Habían transcurrido ya tres horas de vuelo, y de vez en cuando, el capitán de la nave anunciaba “Les hablas el Capitán Peña..., en estos momentos estamos pasando... los que van en la ventana izquierda tienen una linda vista de la ciudad...” palabras que hacían brillar aún más los ojos negros del anciano. Le pregunté cómo se sentía, si quería algo más de bebida mientras pedía personalmente un trago de Ron Bocardi con hielo, a falta de un buen whisky escocés. Me dijo que había dejado la bebida, y un trago le podía quitar la vida.
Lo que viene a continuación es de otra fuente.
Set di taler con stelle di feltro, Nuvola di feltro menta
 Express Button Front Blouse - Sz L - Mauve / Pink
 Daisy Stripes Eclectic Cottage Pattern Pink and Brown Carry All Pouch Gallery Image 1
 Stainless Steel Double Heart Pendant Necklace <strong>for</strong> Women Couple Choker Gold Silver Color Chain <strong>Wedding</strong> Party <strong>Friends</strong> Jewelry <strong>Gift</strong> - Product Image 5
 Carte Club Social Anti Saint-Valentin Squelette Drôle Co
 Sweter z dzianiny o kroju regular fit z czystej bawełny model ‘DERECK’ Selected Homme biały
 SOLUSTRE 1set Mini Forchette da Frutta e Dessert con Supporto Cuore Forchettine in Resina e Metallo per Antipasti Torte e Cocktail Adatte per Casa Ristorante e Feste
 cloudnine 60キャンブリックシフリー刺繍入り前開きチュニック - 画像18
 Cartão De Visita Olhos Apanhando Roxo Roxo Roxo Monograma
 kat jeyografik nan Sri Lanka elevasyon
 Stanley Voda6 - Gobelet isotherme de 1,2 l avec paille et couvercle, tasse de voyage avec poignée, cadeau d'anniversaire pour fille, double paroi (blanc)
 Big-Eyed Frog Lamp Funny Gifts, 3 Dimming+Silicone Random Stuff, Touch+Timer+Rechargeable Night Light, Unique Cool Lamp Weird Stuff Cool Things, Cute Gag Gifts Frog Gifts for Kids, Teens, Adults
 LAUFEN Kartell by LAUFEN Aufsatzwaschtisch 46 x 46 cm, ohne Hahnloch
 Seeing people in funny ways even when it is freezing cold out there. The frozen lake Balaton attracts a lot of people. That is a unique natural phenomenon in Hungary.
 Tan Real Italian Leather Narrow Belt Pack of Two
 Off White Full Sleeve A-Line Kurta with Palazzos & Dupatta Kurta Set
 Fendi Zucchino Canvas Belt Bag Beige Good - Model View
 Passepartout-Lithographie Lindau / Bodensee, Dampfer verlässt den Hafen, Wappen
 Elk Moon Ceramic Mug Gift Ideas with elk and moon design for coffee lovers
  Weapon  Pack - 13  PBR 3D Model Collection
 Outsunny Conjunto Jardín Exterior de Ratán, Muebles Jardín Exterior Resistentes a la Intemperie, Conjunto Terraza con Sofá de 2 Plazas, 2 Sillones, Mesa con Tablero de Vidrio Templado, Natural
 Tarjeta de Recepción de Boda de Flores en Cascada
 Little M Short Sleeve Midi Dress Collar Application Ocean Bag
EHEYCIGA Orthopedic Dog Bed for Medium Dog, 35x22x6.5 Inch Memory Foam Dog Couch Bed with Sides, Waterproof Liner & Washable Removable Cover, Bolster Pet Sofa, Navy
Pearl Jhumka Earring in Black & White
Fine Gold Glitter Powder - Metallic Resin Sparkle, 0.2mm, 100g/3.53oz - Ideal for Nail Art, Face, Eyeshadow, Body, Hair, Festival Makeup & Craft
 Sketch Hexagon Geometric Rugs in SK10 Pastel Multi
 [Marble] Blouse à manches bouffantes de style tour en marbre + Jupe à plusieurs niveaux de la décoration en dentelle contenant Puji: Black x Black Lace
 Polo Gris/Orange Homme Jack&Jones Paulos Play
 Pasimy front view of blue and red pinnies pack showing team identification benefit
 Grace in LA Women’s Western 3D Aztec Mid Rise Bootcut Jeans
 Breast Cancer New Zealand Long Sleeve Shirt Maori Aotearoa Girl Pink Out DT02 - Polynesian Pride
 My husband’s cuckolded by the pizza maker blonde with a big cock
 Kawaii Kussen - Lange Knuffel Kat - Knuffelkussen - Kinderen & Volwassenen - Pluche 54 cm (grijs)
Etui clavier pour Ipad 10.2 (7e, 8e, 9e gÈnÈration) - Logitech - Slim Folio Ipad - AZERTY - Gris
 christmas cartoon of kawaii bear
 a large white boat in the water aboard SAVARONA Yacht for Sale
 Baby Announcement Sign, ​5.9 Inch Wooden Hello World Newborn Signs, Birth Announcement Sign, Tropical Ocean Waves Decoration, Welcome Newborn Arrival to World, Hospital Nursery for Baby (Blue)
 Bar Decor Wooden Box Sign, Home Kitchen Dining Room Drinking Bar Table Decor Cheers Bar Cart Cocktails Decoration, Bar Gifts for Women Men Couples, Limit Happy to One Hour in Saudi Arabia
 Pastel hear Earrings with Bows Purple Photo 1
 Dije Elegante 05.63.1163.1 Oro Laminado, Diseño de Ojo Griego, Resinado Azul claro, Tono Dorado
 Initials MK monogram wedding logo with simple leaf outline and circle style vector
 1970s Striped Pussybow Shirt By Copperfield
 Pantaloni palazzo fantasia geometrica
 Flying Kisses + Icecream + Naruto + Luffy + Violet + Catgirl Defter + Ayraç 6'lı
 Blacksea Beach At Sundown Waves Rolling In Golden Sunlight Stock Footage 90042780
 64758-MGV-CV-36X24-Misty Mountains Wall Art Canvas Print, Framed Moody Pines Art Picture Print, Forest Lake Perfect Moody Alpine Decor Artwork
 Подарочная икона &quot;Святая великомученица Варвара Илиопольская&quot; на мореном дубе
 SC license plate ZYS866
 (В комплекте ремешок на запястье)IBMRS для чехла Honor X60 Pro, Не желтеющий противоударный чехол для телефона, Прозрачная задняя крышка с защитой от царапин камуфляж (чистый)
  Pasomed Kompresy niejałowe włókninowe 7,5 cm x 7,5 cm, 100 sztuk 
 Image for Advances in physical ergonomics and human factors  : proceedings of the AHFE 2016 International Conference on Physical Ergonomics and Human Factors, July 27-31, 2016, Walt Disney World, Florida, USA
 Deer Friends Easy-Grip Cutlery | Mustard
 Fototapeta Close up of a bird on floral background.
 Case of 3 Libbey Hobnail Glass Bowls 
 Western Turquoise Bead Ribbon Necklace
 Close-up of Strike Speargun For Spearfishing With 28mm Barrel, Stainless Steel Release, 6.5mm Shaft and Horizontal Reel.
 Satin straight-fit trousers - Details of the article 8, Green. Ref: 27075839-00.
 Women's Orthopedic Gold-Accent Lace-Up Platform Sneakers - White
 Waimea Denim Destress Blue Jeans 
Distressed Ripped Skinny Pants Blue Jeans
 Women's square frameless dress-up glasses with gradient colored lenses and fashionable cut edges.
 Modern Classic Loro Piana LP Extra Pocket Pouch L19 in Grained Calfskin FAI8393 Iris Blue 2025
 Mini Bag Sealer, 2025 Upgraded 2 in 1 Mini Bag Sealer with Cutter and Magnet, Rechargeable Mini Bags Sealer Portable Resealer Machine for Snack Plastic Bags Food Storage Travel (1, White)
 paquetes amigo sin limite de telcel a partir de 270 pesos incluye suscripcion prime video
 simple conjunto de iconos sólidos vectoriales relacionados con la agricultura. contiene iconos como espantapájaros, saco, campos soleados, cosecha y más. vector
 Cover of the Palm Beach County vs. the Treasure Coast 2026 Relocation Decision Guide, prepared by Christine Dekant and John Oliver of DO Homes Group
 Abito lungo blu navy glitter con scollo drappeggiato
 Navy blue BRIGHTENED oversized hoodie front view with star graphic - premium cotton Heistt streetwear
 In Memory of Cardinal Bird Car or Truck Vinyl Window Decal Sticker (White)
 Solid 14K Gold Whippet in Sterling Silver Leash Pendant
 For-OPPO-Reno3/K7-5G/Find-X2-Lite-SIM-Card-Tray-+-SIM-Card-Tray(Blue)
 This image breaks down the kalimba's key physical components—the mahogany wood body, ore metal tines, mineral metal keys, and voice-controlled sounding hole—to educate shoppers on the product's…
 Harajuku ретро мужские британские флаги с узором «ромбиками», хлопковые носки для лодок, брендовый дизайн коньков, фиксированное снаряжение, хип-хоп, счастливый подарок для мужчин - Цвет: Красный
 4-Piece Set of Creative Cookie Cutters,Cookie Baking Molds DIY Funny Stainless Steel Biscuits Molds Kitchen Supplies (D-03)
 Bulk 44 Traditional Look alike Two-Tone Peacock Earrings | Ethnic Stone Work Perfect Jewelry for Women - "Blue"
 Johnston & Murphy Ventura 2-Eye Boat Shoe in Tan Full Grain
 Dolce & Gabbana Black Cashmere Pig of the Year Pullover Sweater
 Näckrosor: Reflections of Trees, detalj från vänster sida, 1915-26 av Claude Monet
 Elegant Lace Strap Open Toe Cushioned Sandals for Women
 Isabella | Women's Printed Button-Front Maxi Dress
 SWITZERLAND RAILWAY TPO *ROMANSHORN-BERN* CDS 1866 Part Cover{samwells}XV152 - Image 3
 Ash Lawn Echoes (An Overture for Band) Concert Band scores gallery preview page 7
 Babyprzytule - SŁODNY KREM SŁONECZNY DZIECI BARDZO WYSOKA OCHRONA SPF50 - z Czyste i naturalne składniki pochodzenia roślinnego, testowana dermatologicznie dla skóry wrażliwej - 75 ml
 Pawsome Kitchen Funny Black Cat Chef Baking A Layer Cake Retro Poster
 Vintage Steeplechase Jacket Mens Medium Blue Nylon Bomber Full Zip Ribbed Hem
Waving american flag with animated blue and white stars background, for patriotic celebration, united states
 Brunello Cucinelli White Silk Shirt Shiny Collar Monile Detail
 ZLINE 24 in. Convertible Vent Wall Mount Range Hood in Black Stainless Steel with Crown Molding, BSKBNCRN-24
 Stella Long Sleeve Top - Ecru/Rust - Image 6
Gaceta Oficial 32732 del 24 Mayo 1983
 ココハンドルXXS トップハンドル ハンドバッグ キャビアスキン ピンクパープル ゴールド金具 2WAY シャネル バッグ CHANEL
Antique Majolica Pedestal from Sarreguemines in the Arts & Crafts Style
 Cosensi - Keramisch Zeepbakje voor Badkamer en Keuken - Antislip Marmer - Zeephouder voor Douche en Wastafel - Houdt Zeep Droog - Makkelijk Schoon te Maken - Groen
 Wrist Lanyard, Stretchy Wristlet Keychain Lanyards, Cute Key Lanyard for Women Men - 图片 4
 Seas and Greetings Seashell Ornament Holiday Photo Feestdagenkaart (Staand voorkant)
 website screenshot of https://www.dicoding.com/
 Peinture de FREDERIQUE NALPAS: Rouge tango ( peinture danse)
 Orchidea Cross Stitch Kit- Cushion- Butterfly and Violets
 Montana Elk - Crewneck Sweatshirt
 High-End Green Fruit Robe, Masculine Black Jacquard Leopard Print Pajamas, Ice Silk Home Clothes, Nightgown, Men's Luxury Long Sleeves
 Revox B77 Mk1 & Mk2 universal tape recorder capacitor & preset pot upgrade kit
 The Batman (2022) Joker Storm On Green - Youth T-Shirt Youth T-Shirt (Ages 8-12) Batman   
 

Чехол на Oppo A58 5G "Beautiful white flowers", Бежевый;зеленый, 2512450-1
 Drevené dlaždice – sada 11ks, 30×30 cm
Me confesó que nunca pudo controlar la bebida, es decir, beber socialmente. Intentó pedir un fresco de horchata, pero se conformó con una Coca Cola.
Faltando media hora para aterrizar en El Salvador, volando ya por Honduras, me ofrecí a llenarle los formularios de migración. Con pena y vergüenza, Toribio me había confesado que no sabía leer ni escribir. Le dije que tenía que contestar todas las preguntas en los formularios para no tener problemas al ingresar a El Salvador. Empezamos por las más simples, es decir, nombre, edad y domicilio. Cuando le pregunté, repitiendo la pregunta del formulario, si traía consigo más de $10,000, Toribio sonrió dulcemente y luego, me interrogó con una mirada fría que quería saber si le estaba faltando al respeto que se merecía a su edad. Le dije que no era invento mío, que la pregunta estaba escrita en el formulario. Luego me dijo que lo único que traía era unos cuantos dólares, los cuales no llegaban a 600, que sus hijos le habían dado: un viejo cómo él ya no podía conseguir trabajo en ninguna parte para llevar consigo esas sumas de dinero.
Acompañé a Toribio hasta la salida del aeropuerto, dirigiéndole en todo el proceso de aduana. Una vez afuera, una multitud de parientes y vecinos, en caravana, habían venido en coche a encontrar a Toribio. Llegó al aeropuerto como una estrella y lo esperaban como esperan los fanáticos del fútbol a un Ronaldo o a un Ronaldhino. Después de ver la conmoción de los familiares, de observar que lo abrazaban y lo besaban con pasión, y las lagrimas de alegrías que se derramaban sobre el anciano y las del anciano sobre la multitud, esperé unos minutos para saludar cortésmente a los familiares y despedirme de Don Toribio.
Dejé a Don Toribio y cogí un taxi directamente a San Salvador. Era muy tarde y el cielo gris anunciaba una tormenta muy fuerte de invierno.
©2007 Manuel García

1 comentario:

Anónimo dijo...

Que relato más tierno!
Me ha conmovido mucho, has conseguido transportarme realmente al vuelo en el avión y a la llegada al aeropuerto.